The nuances and multiplicities of disciplines discussed on the Day 1 of the THINK festival was stimulating most on this particular count. I mean the last time I found myself amidst any pursuit of subjects as diverse as mathematics, ecology, internet, society was perhaps only in school.

The one thought shared at the festival which kept playing back in my mind was what the neuroscientist, Daniel Wolpert mentioned about ‘beliefs’ must translate into ‘actions’. It set me conjecturing about the core of the festival – ‘think’ and if the thinking will empower me into challenging status quo in some way.

I ‘believe’ in the Swamis who are willing to give their lives to preserve the purity of Ganga, I ‘believe’ in the ecologist who says there can’t be only a few people branded as environmentalists, all of us need to be one, I ‘believe’ that large pockets of our nation are victims of politics of repression.

And yet I sense a strong sense of apathy and indifference within, which stalls me from feeling the pain in a deep, compassionate way.
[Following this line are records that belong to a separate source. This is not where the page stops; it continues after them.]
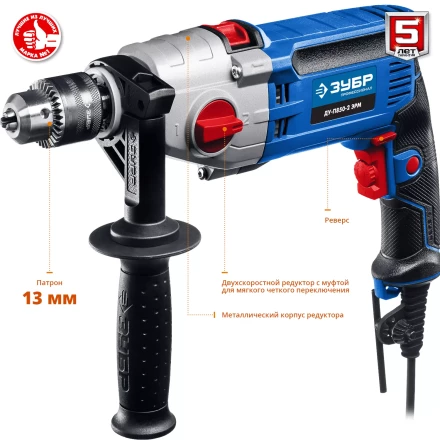 Дрель ударная двухскоростная ДУ-П850-2 ЭРМ серия ПРОФЕССИОНАЛ купить в Сургуте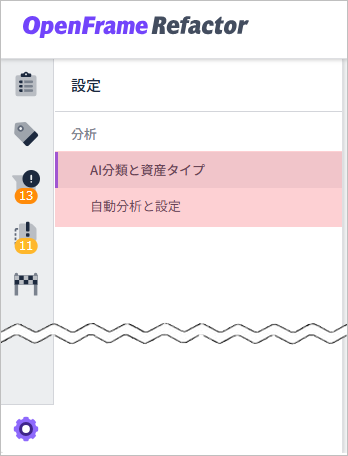 figure option set catalog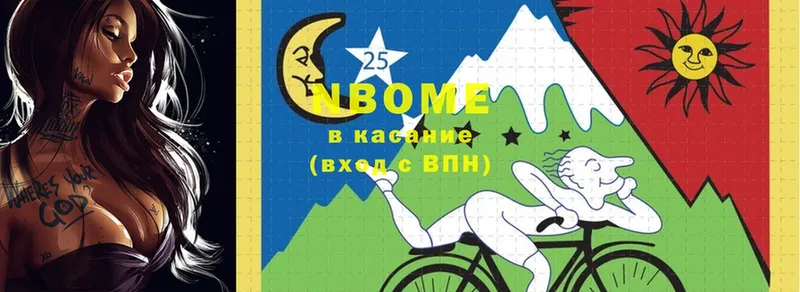 Марки NBOMe 1500мкг  продажа наркотиков  Дмитриев 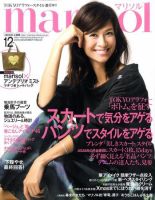 marisol（マリソル） 12月号 (発売日2010年11月06日) 表紙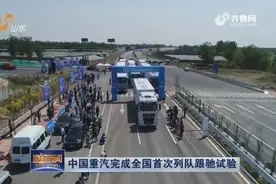 中国重汽完成全国首次列队跟驰试验，向重卡自动驾驶产业化再迈进视频封面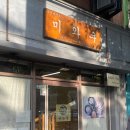 용산-276 | [미와쿠] 숙대입구 우동 맛집추천 남영동 맛집 붓카케우동 용산 혼밥추천 메뉴추천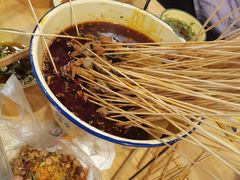 -拈签一笑黄牛肉辣卤串串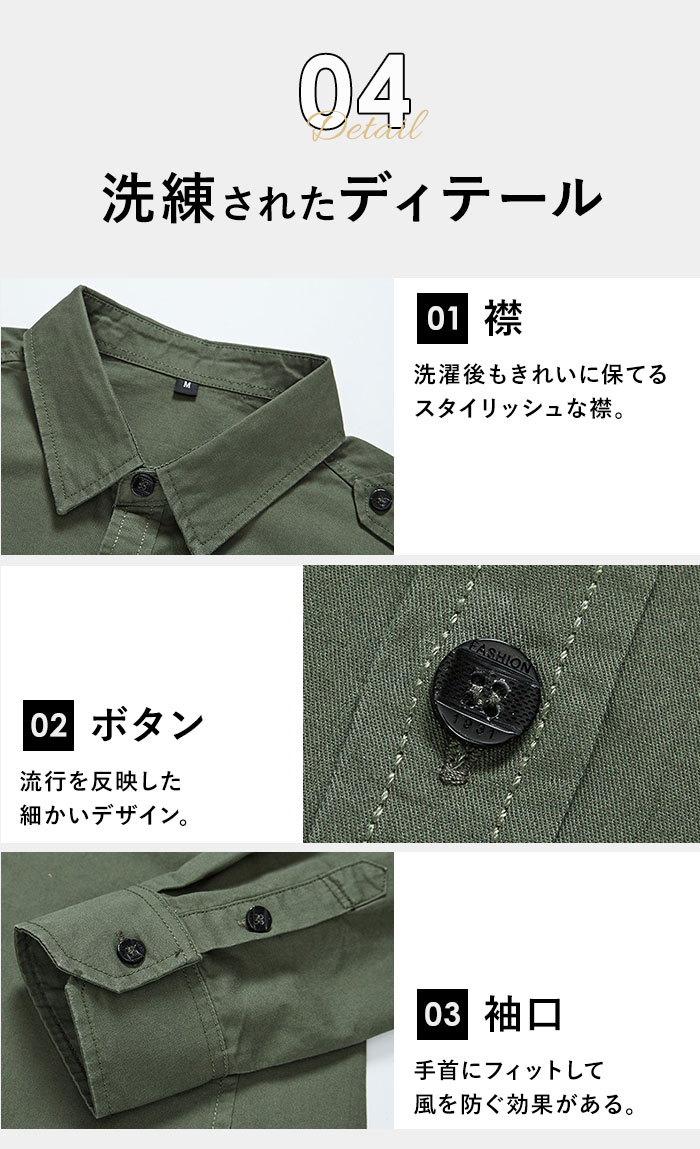 ミリタリーシャツ 長袖 シャツ メンズ 通販 ワークシャツ シャツジャケット 長袖シャツ ジャケット 羽織り カジュアルシャツ メンズシャツ ミリタリーシャツ |  | 08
Even with real people talking about real tragedies, the physical distance between them on the stage and me in the audience is somehow symbolic of the distance that I experience within, from them and their realities. I applaud in delight on their triumphs and feel teary at their agonizing experiences, at times almost as if I was watching cinema.  When I step out of the hall, general life and mostly its petty concerns take over and after some self gratifying discussions and exchanging of notes with friends, most of it dissipates. I fear sensing the same pattern at play even when those experiences are not fictional.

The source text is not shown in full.